The biggest adjustment for me from a fishing perspective has been the water. The Inland Northwest, Montana, and Idaho have some legendary waters. Big water, too. Rock Creek in Montana is no creek by East Coast standards.

Here in PA we have bodies of water like the Delaware that are large, but there are an enormous number of creeks and streams. This can make for some interesting fishing.

The Gear is Different

There’s no 9’5wt action here with 9’ or 12’ leader. I picked up a sweet rod from Chris Reilly at Reilly Rod Crafters, a 7 ½’ 3wt Kildare and use 7 ½ leader. I love the feel and control of the fiberglass. This is a fantastic rod. I’ve got great control and it’s compact enough for the wooded areas.

Saying Goodbye to Two-Fly Guy

Speaking of wooded areas, I’ve been a two-fly guy my whole fly fishing life, or so it seems. I’m changing up though. Fishing the small streams is more precise. Everything is more compact. So is the fishing and wading. There’s limited cover for the fish, limited feeding lies. You can bet your bottom dollar that the biggest fish is going to dominate the best feeding lie. Go tromping into the stream…. say goodbye.

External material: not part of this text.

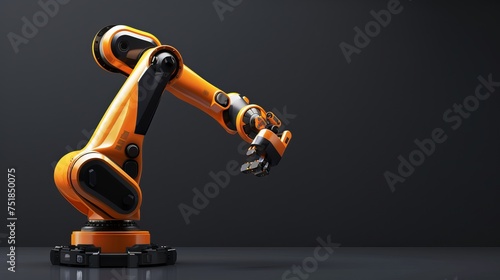 modern orange logistic unloading robot arm with black elements on dark grey background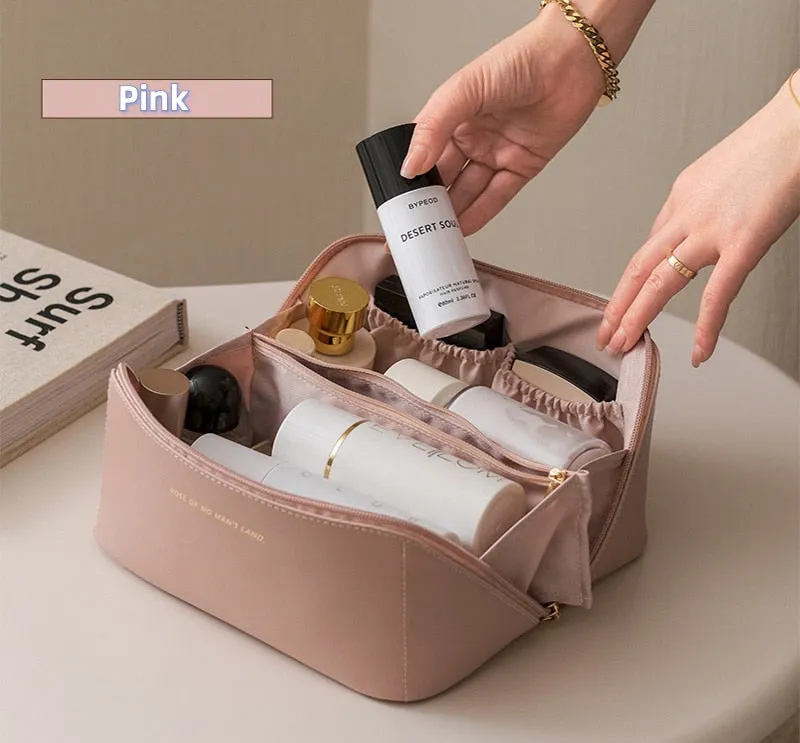 Comfortable Ladies Spacious Pu Leather Travel Cosmetic Bag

Small Stream Fishing is Much Stealthier

You can make some mistakes on the bank of a river that’s 40-50 foot across and still catch fish. Not so much when the stream is less than 10 feet. On the plus side, you can fish the whole stream. Everything is available to you.

One thing I’ve found so far is that the white water holds fish. I’m thinking its cover providing as much as anything. A small waterfall, a boiled-up run…all seem to present themselves great opportunity. I’ve had very good luck with  AdamsCoachmanTrudesElk Hair Caddis, and Parachute Hare’s Ear for dries. For nymphs, I haven't really gotten that creative. I’ve done well on the good ole  pheasant tails and prince nymphs.

As my adventures continue…I’ll keep writing about them.